One of our missions here at New English D is to help popularize sabermetric concepts and statistics and diminish the use of certain traditional stats that are very misleading. If you’re a return reader, you’ve no doubt seen our series about the pitcher win:
- The Nine Best Seasons Under 9 Wins
- The Nine Worst 20 Win Seasons
- Comparing Wins Over Entire Careers
- A Case Study from 2012 about Wins
- 12 Assorted Facts Regarding Wins
I encourage you to read those posts if you haven’t already, but I’m confident in the case I’ve laid out. Wins aren’t a good way to measure pitchers’ performance and I’ll let those five links stand on their own. Today, I’d like to move forward and pick up the mantle with another statistic that is very misleading based on how it is currently used: Runs Batted In (RBI).
I’ll have a series of posts on the subject, but I’m going to start with a case study in order to explain the theory. RBI are a bad statistic because they are a misleading measure of value. Most people consider RBI to be really important because “driving in runs” is critical to success, but RBI is very much dependent on the performance of the other players on your team. A very good hitter on a bad team will have fewer RBI than a good hitter on a good team because even if they perform in an identical manner, the first hitter will have fewer chances to drive in runners. Even if they have the same average, on base, and slugging percentages overall and with runners on and with runners in scoring position. The raw number RBI is a blunt tool to measure the ability to drive in runs.
Factors that determine how many RBI you have outside of your control are the number and position of runners on base for you, the number of outs when you come to the plate with men on base, and the quality of the baserunners. If you get a hit with runners in scoring position 40% of the time (a great number) but there are just 100 runners on base for you during a season, you will get no more than 40 RBI. If you get a hit 40% of the time and have 400 runners on base for you during a season, you could have 100 RBI. That’s a big difference even if you perform in the same way.
I’m not making the case here that RBI is completely meaningless and that hitting with runners on base is exactly the same as hitting with the bases empty, but simply that RBI as a counting stat is very misleading. Even if you think the best hitters are the guys who get timely hits and can turn it up in the clutch, you surely can appreciate that certain guys have different opportunities to drive in runs. RBI is very dependent on context and that means it’s not a very good way to measure individual players.
Allow me to demonstrate with a simple case study. Let’s start with comparing two seasons in which the following two players both played the same number of games.
As you can see, Player A leads in average, OBP, and wOBA (what’s wOBA?) and is just a but behind in slugging.

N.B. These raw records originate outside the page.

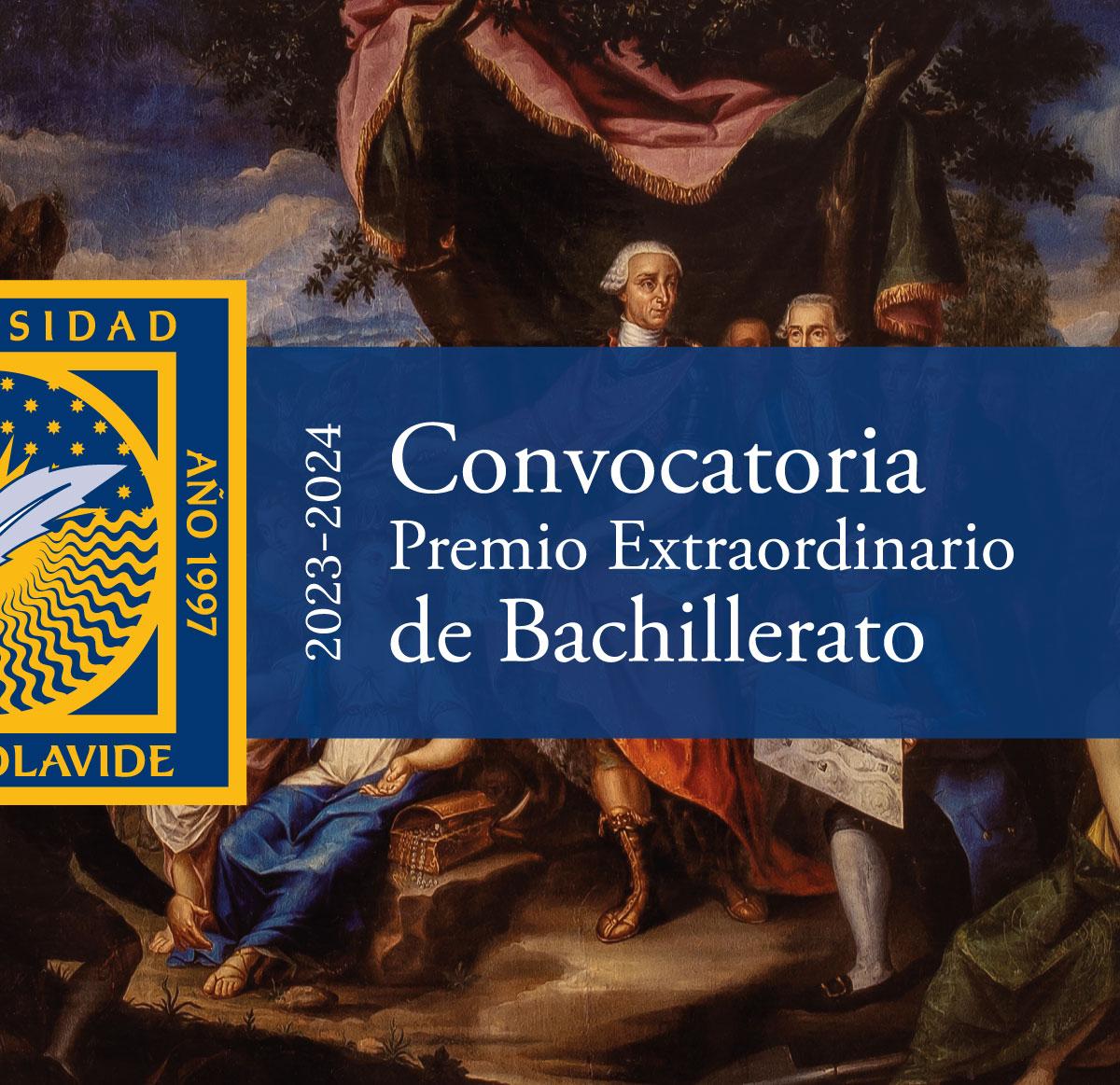 Premio-Extraordinario-de-Bachillerato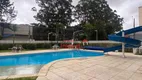 Foto 40 de Apartamento com 3 Quartos à venda, 139m² em Santa Maria, São Caetano do Sul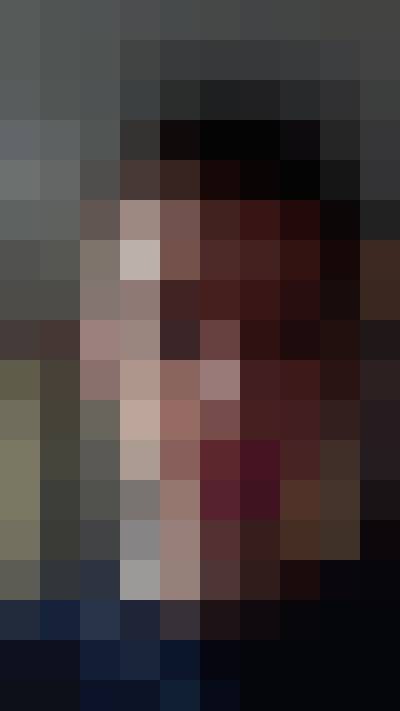Jonatan, Male, 27, Słupsk, Polska: 1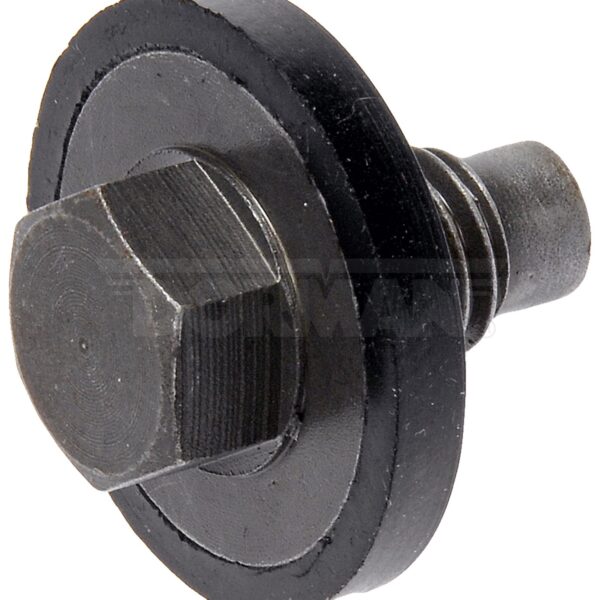 Dorman DOR-090-206CD Transmission Drain Plug - M10 -1.5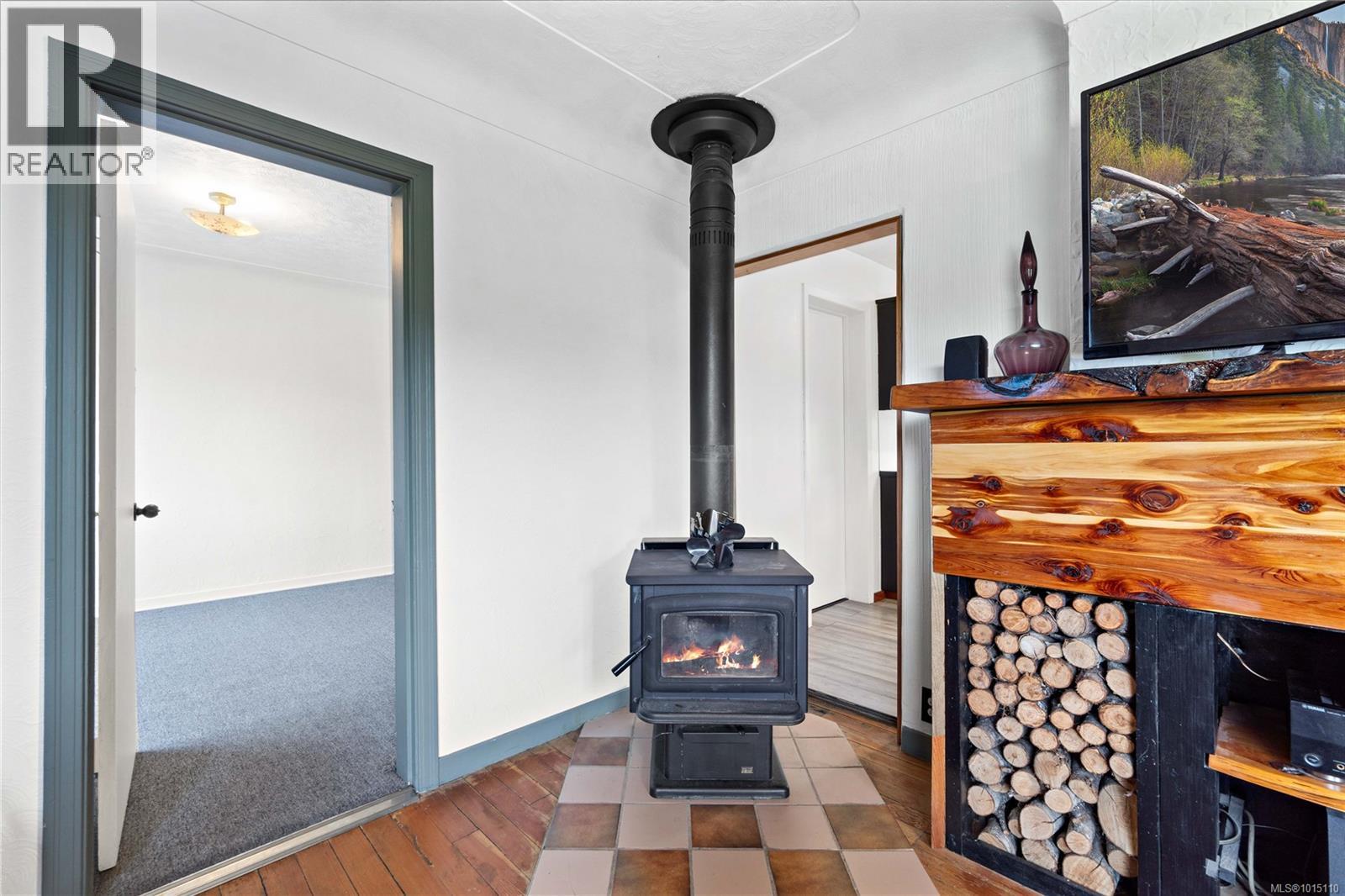 125 Harewood Rd, Nanaimo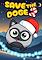 Cover image for the game Save The Doge 2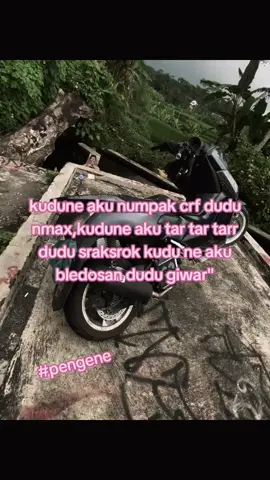 pienehh#fyp #kencengstyle🤙🏻 #nmaxgiwarstyle 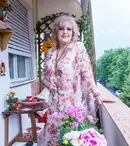 Corina Chiriac renunţă la emisiunea de la Naţional TV. Cine o va înlocui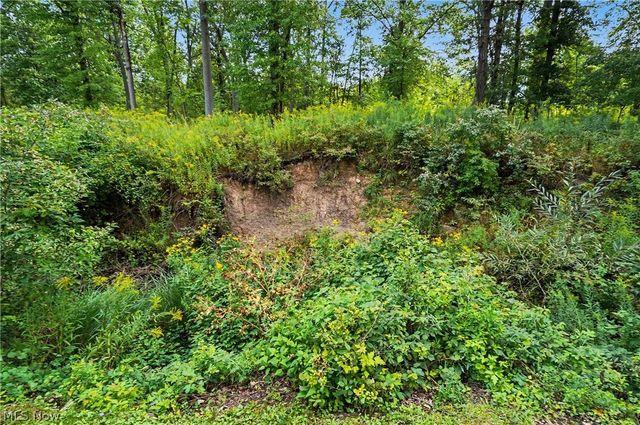 839 Sheffield Road, Sheffield Lake, OH 44054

In wRC+, Player A leads 177 to 166 over Player B. If we take a look at BB% and K%, Player A looks much better.
All in all, Player A is the better player. We’ve looked at all of their rate stats and we’ve looked at wRC+ which controls for league average and park effect. It’s hard to argue that Player B is better. I couldn’t make a case to that effect.
Here’s the big reveal which some of you have probably figured out. Player A is Miguel Cabrera in 2011, Player B is Miguel Cabrera in 2012. This is the same player during two different seasons. In 2011, when Cabrera was clearly the better player, he had 105 RBI. In 2012, when he was worse, he drove in 139. Everything tells us he was better in 2011 except RBI. That should make use skeptical. It’s even more of a problem when you consider his situational hitting.
The graphs below are on identical scales:
Cabrera was better in 2011 in every situation and by each statistic except for his average (very close) and slugging percentage with no one on base. Which tells you nothing about how well he drives in runs. If you look at the HR distribution it tells you the same story.
|Men on Base||16||17|
|Men in Scoring||10||9|
We can give him credit for those solo HR RBI from 2012, so let’s just lop 13 off the top. That still leaves 2012 Cabrera with 21 more RBI than 2011 Cabrera. Cabrera had a better season in 2011, but he had fewer RBI than in 2012. Most of this can simply be explained by the Tigers’ team OBP in the two seasons and where he hit in the lineup. If you subtract out Cabrera the Tigers got on base about 32% of the time in 2011 and 32.4% of the time in 2012 while Cabrera got to the plate a little less often because he hit 4th instead of 3rd. So there are more baserunners in general in 2012, but we can break this down even further.
In sum, Cabrera actually had more runners on base for him in 2011 than in 2012 but that doesn’t really tell the whole story. Let’s break it down by the number of baserunners on each base when he came to the plate:
|Runner on 1B||235||212|
|Runner on 2B||150||146|
|Runner on 3B||74||86|
This should tell you the story even better. Cabrera had more baserunners in 2011, but the baserunners in 2012 were more heavily slanted toward scoring position. Cabrera had more runners closer to the plate so it’s easier to drive them in.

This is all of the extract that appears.